Is anyone else bothered by the idea of being enclosed in a tube with no possible way out for hundreds of miles?

I guess it's no worse than an airplane but for some reason it makes me feel claustrophobic?

Perhaps there's a way to add an escape hatch every mile or five?


From the original Alpha Document

4.5.3. Capsule Stranded in Tube "If a capsule were somehow to become stranded, capsules ahead would continue their journeys to the destination unaffected. Capsules behind the stranded one would be automatically instructed to deploy their emergency mechanical braking systems. Once all capsules behind the stranded capsule had been safely brought to rest, capsules would drive themselves to safety using small onboard electric motors to power deployed wheels. "

http://www.spacex.com/sites/spacex/files/hyperloop_alpha-201...


That doesn't answer mrfusion's question about being in a stranded capsule for 100's of miles before the nearest exit or escape hatch.

How long does it take that electric motor to drive the stranded capsule 100's of miles to safety? With the stranded passengers stuck in a small capsule with no bathroom facilities or other amenities.

It's be first thing I thought about when the hyperloop plans were first revealed.


That still doesn't make me feel better.


Not LA <-> Vegas again. An LA <-> Vegas monorail was proposed in the 1950s. A maglev was proposed in the 1990s. All so morons can go to Vegas on weekends to push the buttons on slot machines.

Maybe they can talk Google into funding a 1 mile link between Google HQ and Google's private airport, Moffett Field.


Las Vegas is the 38th largest economy in the US, and the 30th largest population center. The economy of LV is larger than that of NOLA, of SLC, of OKC, of Memphis, and of RTP. It's an easy lowbrow dismissal to talk about slot machines, but an LA-LV line probably makes as much sense (cost-adjusted) as SF-LA.

One point that's easy to miss is that big-city smaller-city pairings can be uniquely economically productive. For instance, an actually-functional HSR between Chicago and STL would allow companies to easily set up satellite offices on either side of the line, taking advantage of the lower cost of living on the smaller side and the larger market and commercial network on the larger side.


> It's an easy lowbrow dismissal to talk about slot machines

According to Wikipedia "The primary drivers of the Las Vegas economy are tourism, gaming and conventions, which in turn feed the retail and restaurant industries."

So people traveling to LV to gamble is a big part of what makes it the 38th largest economy.


I have anecdotal experience that might confirm the economic plausibility of a LA-LV line. Driving south on I-15 from LV on a Sunday will likely drive you absolutely up. the. wall.

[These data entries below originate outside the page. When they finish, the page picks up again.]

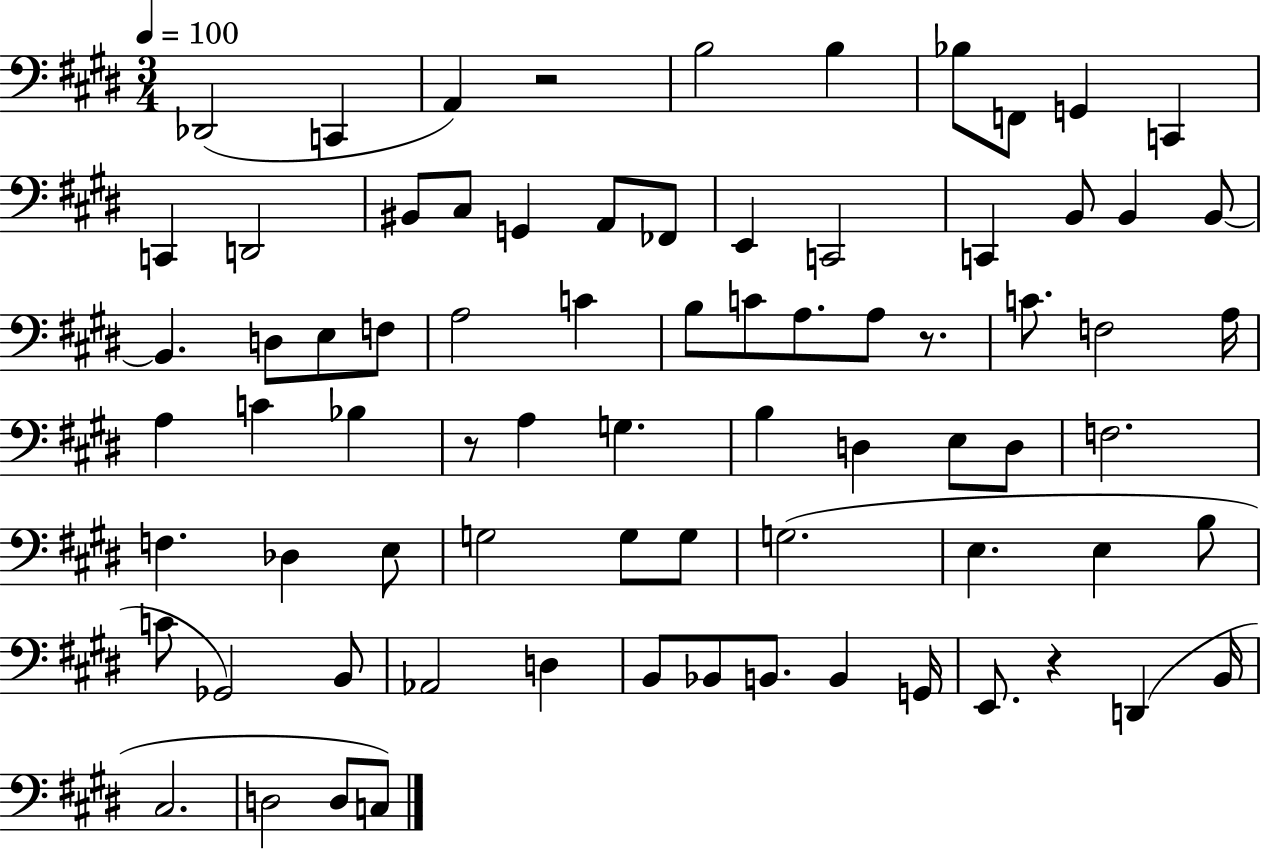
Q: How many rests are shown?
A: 4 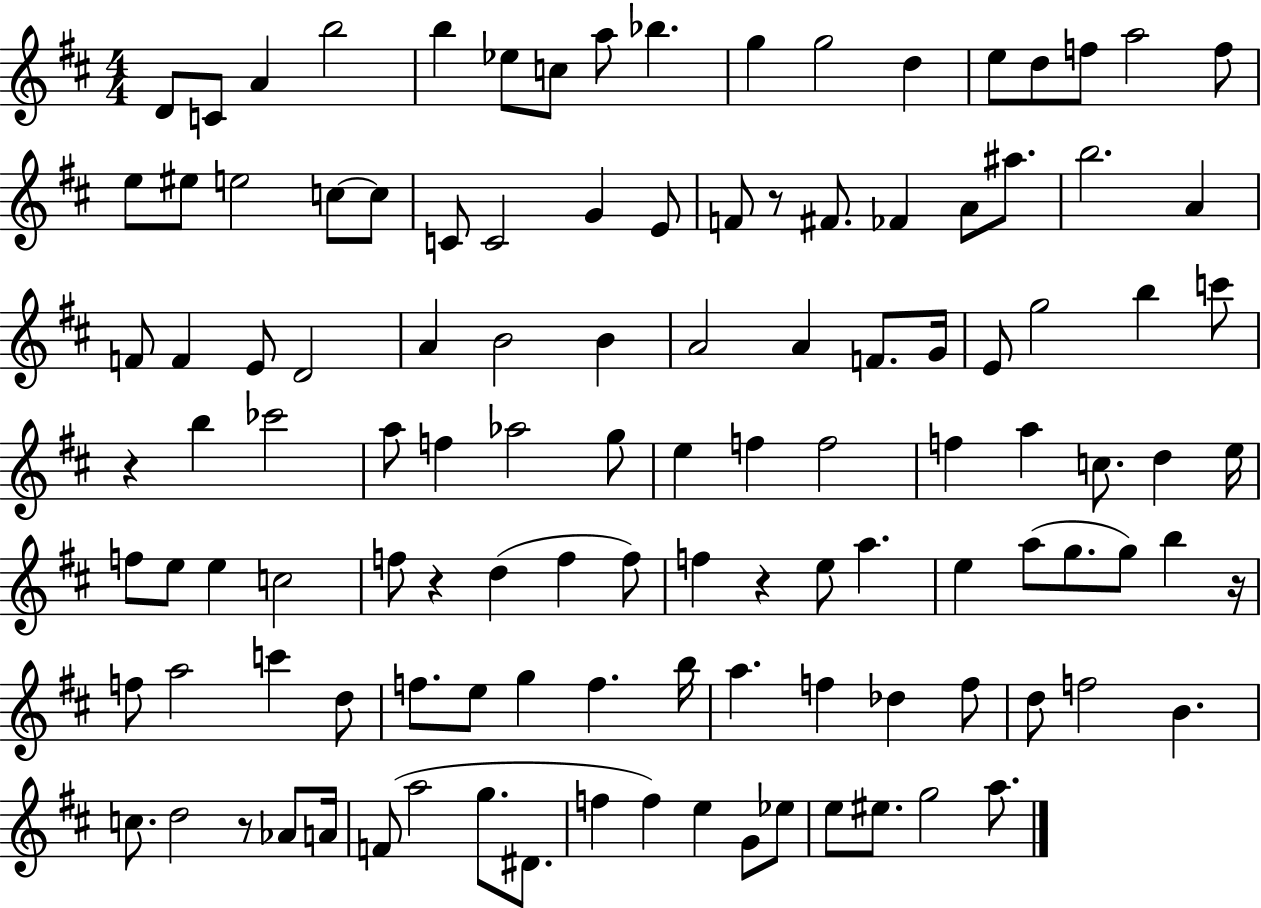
D4/e C4/e A4/q B5/h B5/q Eb5/e C5/e A5/e Bb5/q. G5/q G5/h D5/q E5/e D5/e F5/e A5/h F5/e E5/e EIS5/e E5/h C5/e C5/e C4/e C4/h G4/q E4/e F4/e R/e F#4/e. FES4/q A4/e A#5/e. B5/h. A4/q F4/e F4/q E4/e D4/h A4/q B4/h B4/q A4/h A4/q F4/e. G4/s E4/e G5/h B5/q C6/e R/q B5/q CES6/h A5/e F5/q Ab5/h G5/e E5/q F5/q F5/h F5/q A5/q C5/e. D5/q E5/s F5/e E5/e E5/q C5/h F5/e R/q D5/q F5/q F5/e F5/q R/q E5/e A5/q. E5/q A5/e G5/e. G5/e B5/q R/s F5/e A5/h C6/q D5/e F5/e. E5/e G5/q F5/q. B5/s A5/q. F5/q Db5/q F5/e D5/e F5/h B4/q. C5/e. D5/h R/e Ab4/e A4/s F4/e A5/h G5/e. D#4/e. F5/q F5/q E5/q G4/e Eb5/e E5/e EIS5/e. G5/h A5/e. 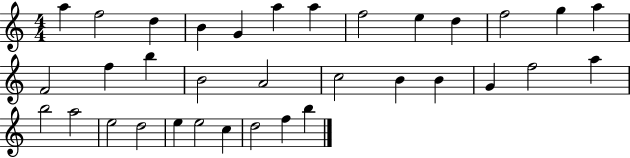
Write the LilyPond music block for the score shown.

{
  \clef treble
  \numericTimeSignature
  \time 4/4
  \key c \major
  a''4 f''2 d''4 | b'4 g'4 a''4 a''4 | f''2 e''4 d''4 | f''2 g''4 a''4 | \break f'2 f''4 b''4 | b'2 a'2 | c''2 b'4 b'4 | g'4 f''2 a''4 | \break b''2 a''2 | e''2 d''2 | e''4 e''2 c''4 | d''2 f''4 b''4 | \break \bar "|."
} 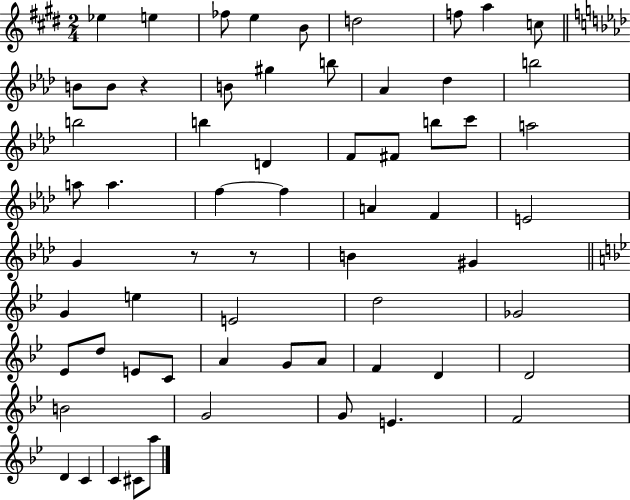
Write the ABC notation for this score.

X:1
T:Untitled
M:2/4
L:1/4
K:E
_e e _f/2 e B/2 d2 f/2 a c/2 B/2 B/2 z B/2 ^g b/2 _A _d b2 b2 b D F/2 ^F/2 b/2 c'/2 a2 a/2 a f f A F E2 G z/2 z/2 B ^G G e E2 d2 _G2 _E/2 d/2 E/2 C/2 A G/2 A/2 F D D2 B2 G2 G/2 E F2 D C C ^C/2 a/2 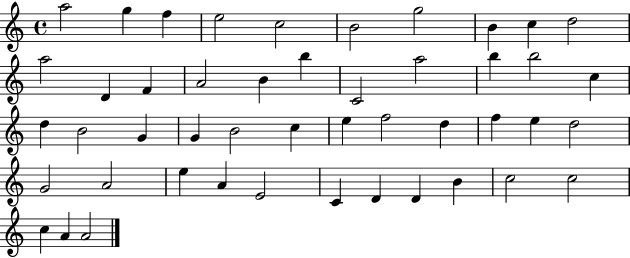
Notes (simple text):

A5/h G5/q F5/q E5/h C5/h B4/h G5/h B4/q C5/q D5/h A5/h D4/q F4/q A4/h B4/q B5/q C4/h A5/h B5/q B5/h C5/q D5/q B4/h G4/q G4/q B4/h C5/q E5/q F5/h D5/q F5/q E5/q D5/h G4/h A4/h E5/q A4/q E4/h C4/q D4/q D4/q B4/q C5/h C5/h C5/q A4/q A4/h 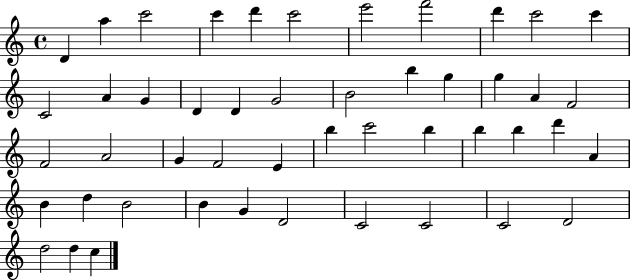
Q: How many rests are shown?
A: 0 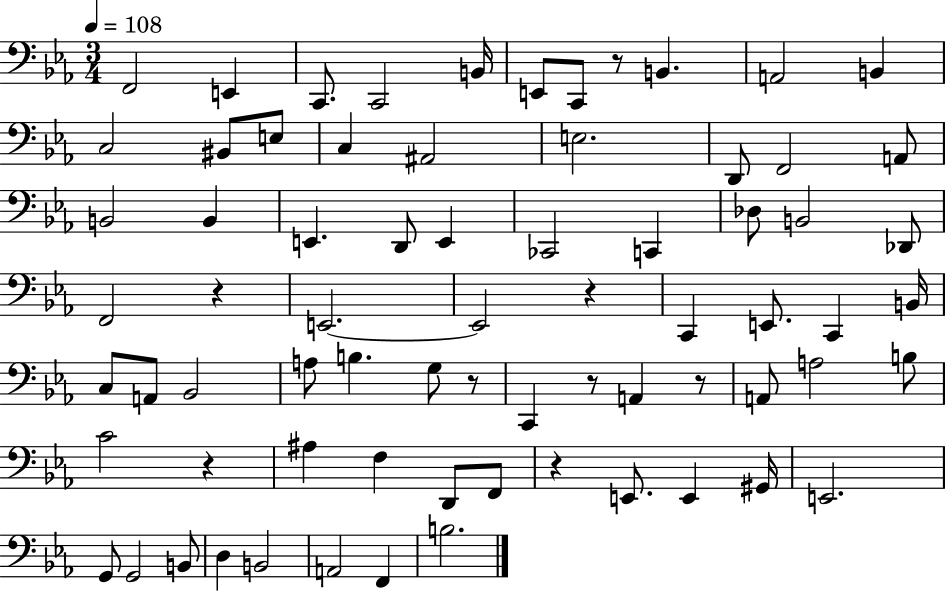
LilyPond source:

{
  \clef bass
  \numericTimeSignature
  \time 3/4
  \key ees \major
  \tempo 4 = 108
  f,2 e,4 | c,8. c,2 b,16 | e,8 c,8 r8 b,4. | a,2 b,4 | \break c2 bis,8 e8 | c4 ais,2 | e2. | d,8 f,2 a,8 | \break b,2 b,4 | e,4. d,8 e,4 | ces,2 c,4 | des8 b,2 des,8 | \break f,2 r4 | e,2.~~ | e,2 r4 | c,4 e,8. c,4 b,16 | \break c8 a,8 bes,2 | a8 b4. g8 r8 | c,4 r8 a,4 r8 | a,8 a2 b8 | \break c'2 r4 | ais4 f4 d,8 f,8 | r4 e,8. e,4 gis,16 | e,2. | \break g,8 g,2 b,8 | d4 b,2 | a,2 f,4 | b2. | \break \bar "|."
} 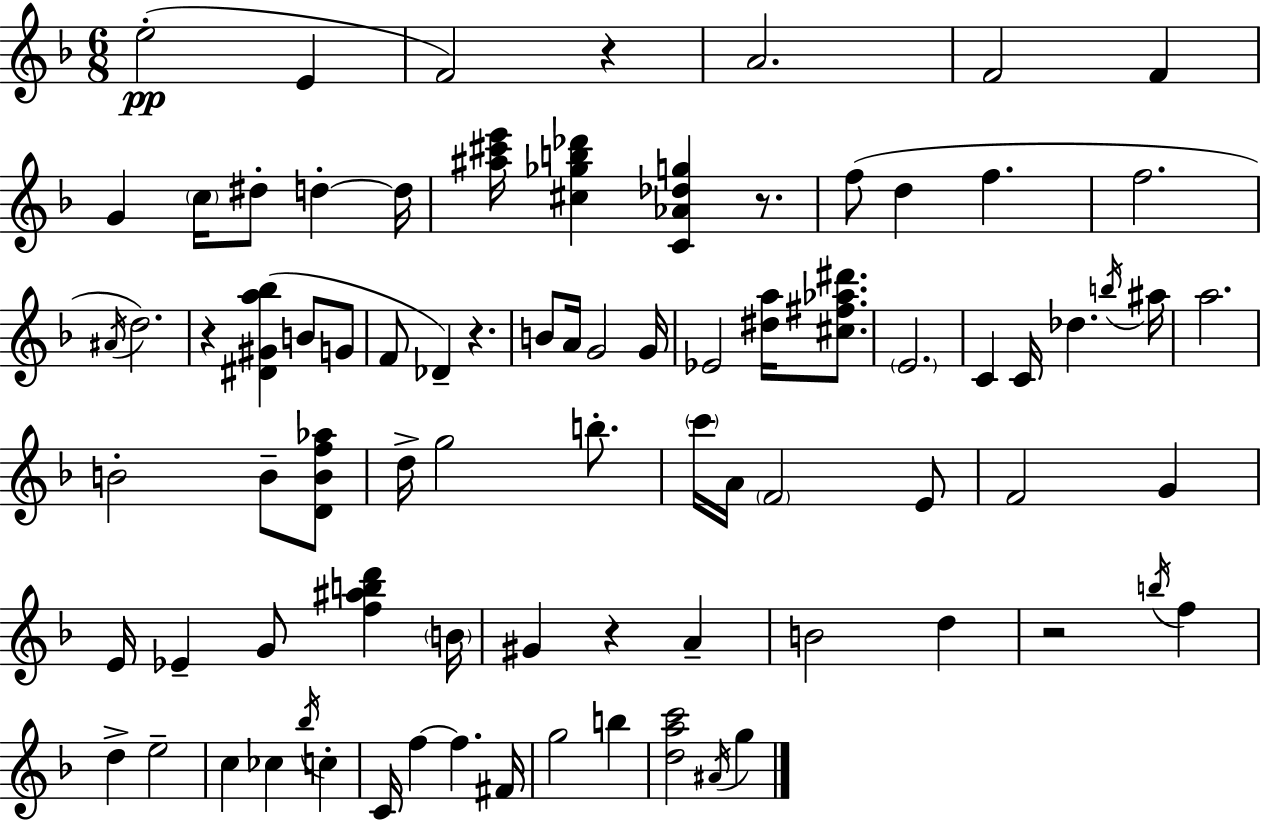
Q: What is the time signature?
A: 6/8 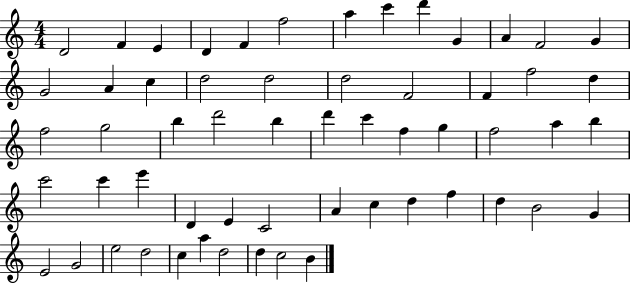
X:1
T:Untitled
M:4/4
L:1/4
K:C
D2 F E D F f2 a c' d' G A F2 G G2 A c d2 d2 d2 F2 F f2 d f2 g2 b d'2 b d' c' f g f2 a b c'2 c' e' D E C2 A c d f d B2 G E2 G2 e2 d2 c a d2 d c2 B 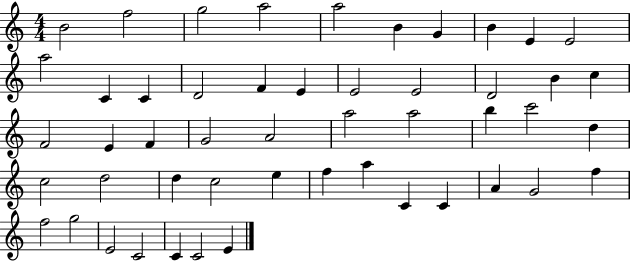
X:1
T:Untitled
M:4/4
L:1/4
K:C
B2 f2 g2 a2 a2 B G B E E2 a2 C C D2 F E E2 E2 D2 B c F2 E F G2 A2 a2 a2 b c'2 d c2 d2 d c2 e f a C C A G2 f f2 g2 E2 C2 C C2 E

I've always thought a good enough high speed transport is a scheduled flight that leaves every hour on the hour and you can buy tickets right before the flight.


As i understand it, transporting humans via air is largely infeasible without fossil fuels. It think the main benefit of a hyperloop is that it seems possible to stick with it as we make the energy switch

EDIT: pretty convenient that it would benefit from batteries and solar, huh? ;)


I'm a big Elon Musk fan and I think one of the best things he's got going for him is marketing acumen. I think of the Hyperloop as fundamentally a marketing story- doesn't matter whether it works or not, it gets the story out that the person running Tesla/SpaceX is some sort of whiz. Very well played IMHO


That's silly. The fuel and operation costs are way too high.


[deleted]


I don't know John Smith, and I assume his idea is poorly thought out and crap. Musk has a positive reputation, and proven experience doing hard things. That gives us a shortcut on the credibility analysis. We're starting from 5 out of 10 rather than 1 out of 10.

Hearing other people's ideas is not a free process. There's an opportunity cost for it, John Smith's idea is more expensive.